Until about 5 minutes ago, I thought Cinco De Mayo was a holiday to celebrate the invention of the pinata. Or tequila. Or those make-you-wanna-kill-yourself hangovers that only come from a full day of drinking tequila. What? That’s pretty much what the holiday means to most college students, right?
When someone hands you a pint of Jose at 8 am on May 5th, you don’t ask what you’re celebrating – you put on a sombrero, plug your nose and take a swig. Then you do it again and again and again, screaming “Viva La Mexico!” and “I’m living la vida drunk-a” until the sun goes down and another fantastic drinking holiday has come to an end.
But I was wrong. There is no holiday celebrating the birth of the pinata (though I think we should start some sort of online petition to get one going), nor is Cinco De Mayo a 24 hour celebration in honor of Jose Cuervo. Cinco De Mayo happens to be a somewhat important day in Mexican history to commemorate the day in 1862 that the Mexican army defeated a much stronger and better-equipped French army.
It also happens to be a minor holiday in Mexico, pretty much only celebrated in the region where this battle went down. And they don’t even celebrate with cocktails.

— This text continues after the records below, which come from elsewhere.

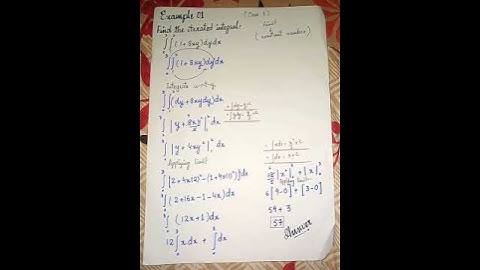 Double Integrals | Iterated/Repeated Integrals | Example | How To Evaluate An Iterated Integral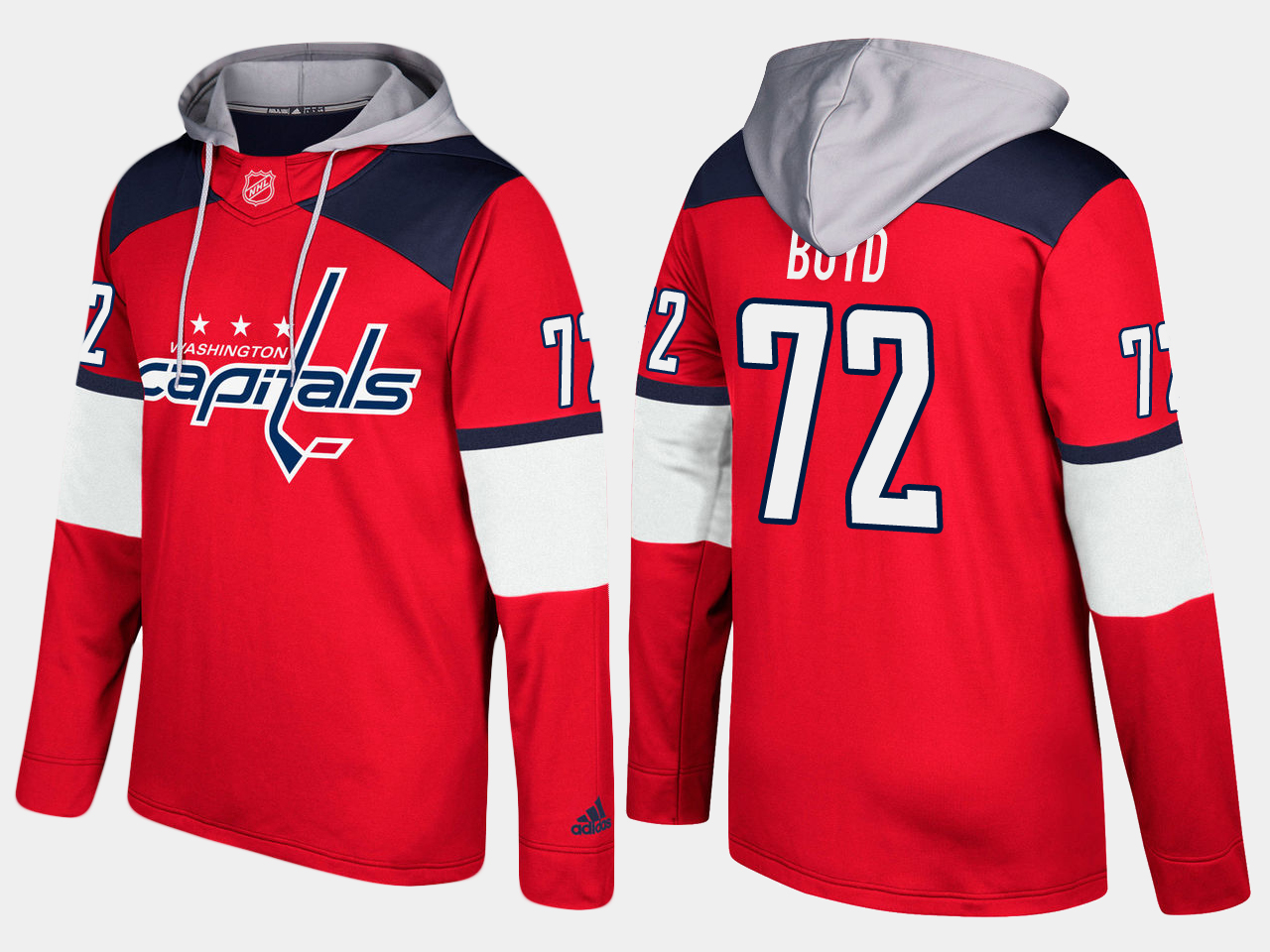 Men NHL Washington capitals #72 travis boyd red hoodie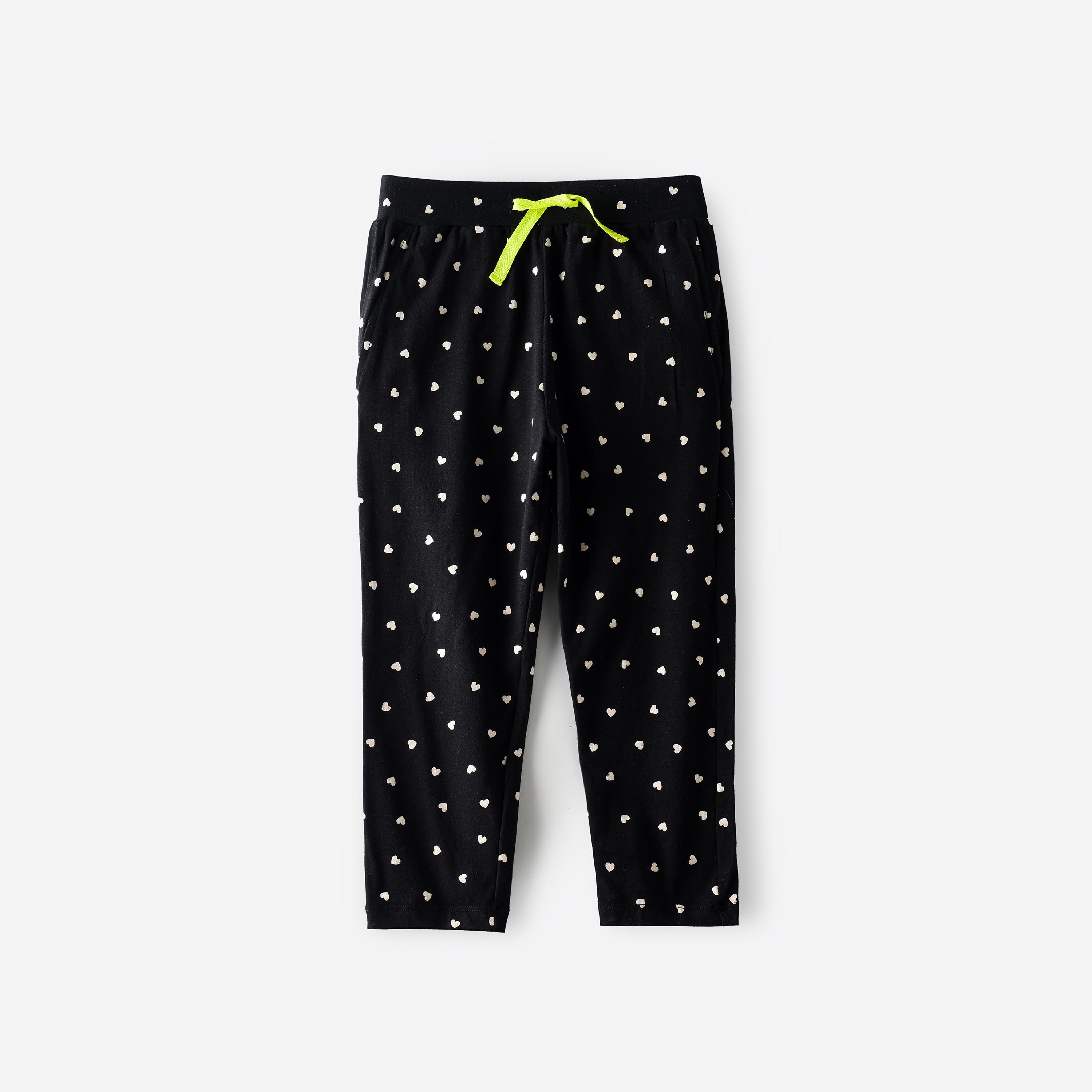 UniqKidz All Over Printed Knitted Sweat Pants for Girls-baby-girls-clothing-bottoms-trousers-image-1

I’m not sure how it turned into such a drunk fest up here in the US of A and I’m not saying we shouldn’t celebrate it (because any opportunity to get rowdy all day long must be taken), but maybe we should think about the history a little bit as we’re downing a Tequila Sunrise over breakfast. Maybe we should pour one for our Mexican homies for overcoming their enemies. And maybe we should toast our margaritas to Mexico tomorrow for more than being a great Spring Break destination and the ground zero of the Swine Flu.